Your answer must match the material exactly, line for line.

== Recorded data ==
- - - - -

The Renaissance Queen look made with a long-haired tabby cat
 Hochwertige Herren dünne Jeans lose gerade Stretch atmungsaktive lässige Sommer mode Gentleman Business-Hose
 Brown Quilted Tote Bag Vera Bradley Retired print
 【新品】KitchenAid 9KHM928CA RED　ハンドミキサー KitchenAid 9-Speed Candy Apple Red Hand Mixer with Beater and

- - - - -

== Answer to this exercise ==
The Renaissance Queen look made with a long-haired tabby cat
 Hochwertige Herren dünne Jeans lose gerade Stretch atmungsaktive lässige Sommer mode Gentleman Business-Hose
 Brown Quilted Tote Bag Vera Bradley Retired print
 【新品】KitchenAid 9KHM928CA RED　ハンドミキサー KitchenAid 9-Speed Candy Apple Red Hand Mixer with Beater and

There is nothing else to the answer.